Viúvas cumprem com desvelo a tarefa de lamentar a morte dos maridos; os sufrágios pela alma do falecido representam uma maneira de não esquecê-lo e de mostrar a todos que naquele momento de dor ninguém deve fazê-lo. Por idealização da santidade, qualquer um é capaz de, à beira do túmulo, féretro sucumbindo, lançar em voz alta as últimas palavras de dignidade direcionadas a quem se vai.
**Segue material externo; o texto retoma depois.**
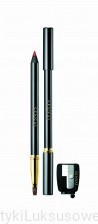 SENSAI LIP PENCIL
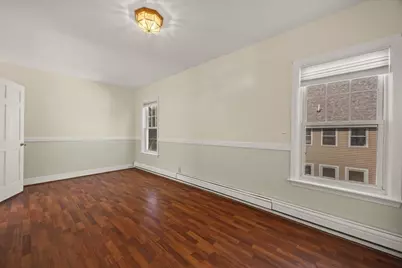 98 E Water St, Taunton, MA 02780 - Photo 12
Funérea esta introdução, mas autoexplicativa por exemplificar as atitudes de algumas pessoas que se colocam como grandes entendedoras de política e mal sabem o significado de democracia, melhor: mal sabem perder. Bom papel faz quem arrumou as malas e promete desistir do Brasil. É melhor partir para Miami do que permanecer engrossando o coro das viúvas da ditadura militar.
Pois nem mesmo o candidato derrotado Aécio Neves se posicionou a favor daquela meia dúzia de manifestantes que desejavam a volta dos militares, nas ruas de São Paulo. É que as viúvas atuais não devem ter ouvido falar das viúvas verdadeiras, mulheres que tiveram seus maridos assassinados por uma simples oposição ideológica e política ao militarismo. Imploram e pedem intervenção militar como se boa coisa fosse.
Todas as alternativas de protesto foram esgotadas desde o fatídico domingo, 26 de outubro, quando Dilma Rousseff foi reeleita presidente. Desde o assédio preconceituoso ao Nordeste às passeatas fascistas no centro paulistano, o repertório não muda, aos poucos se oxida. Vale ressaltar que as viúvas não se cansam e não devem se cansar nem mesmo quando as possibilidades democráticas, ainda que antidemocráticas em seu conteúdo, se extinguirem.
Existem duas possibilidades para o aumento das vozes das viúvas: o Congresso Nacional, especialmente o Senado, adquiriu uma perspectiva ainda mais conservadora após as eleições; parece cada vez mais o reduto das oligarquias cafeeira e leiteira do final do século XIX. Para completar, o PMDB assumiu de fato sua posição de mercador da política nacional. Sempre exerceu esta prática, mas agora é muito pior.
Na Câmara Federal, a iminente vitória do candidato à presidência da casa, Deputado Eduardo Cunha, coloca sobre a relação PT/PMDB uma interrogação; Cunha faz crer que não terá fácil diálogo com as proposições do governo. E os deputados comemoraram, na última semana, a derrubada do decreto dos conselhos populares, sob a alegação de que ele feria as prerrogativas do Legislativo. Ode à participação popular, razão do conservadorismo.
Uma família paulista, segundo matéria do UOL, parte para Miami em 15 de novembro; dizem desistir do Brasil e das dificuldades que o país vai enfrentar a partir de agora. Eleitores de Aécio, eles não esperavam que muita coisa fosse feita, mas pelo menos mudasse o panorama. Esta família tem todo o direito de ir embora, assim como aqueles que ficam tem o direito de protestar; eles só não têm o direito de desistir do Brasil.
E lutar por este país não significa passar por cima da vontade da maioria e achincalhar a democracia; lutar pelo Brasil não é exigir a intervenção militar que arranque do seu posto uma presidente eleita com os votos da maioria; lutar politicamente pelo Brasil é fazer oposição ideológica e política baseada em debates claros e não em xingamentos e depreciações.
Independente do pranto convulso das viúvas, a política nacional segue em frente, com desafios cada vez maiores. O país anseia por lutas cujo prêmio seja seu crescimento e desenvolvimento. Em vez de chorar, prantear uma vitória que não aconteceu, é hora de abrir caminho para auxiliar o governo eleito, que tem seus deméritos, mas ainda assim é aquele que está no poder.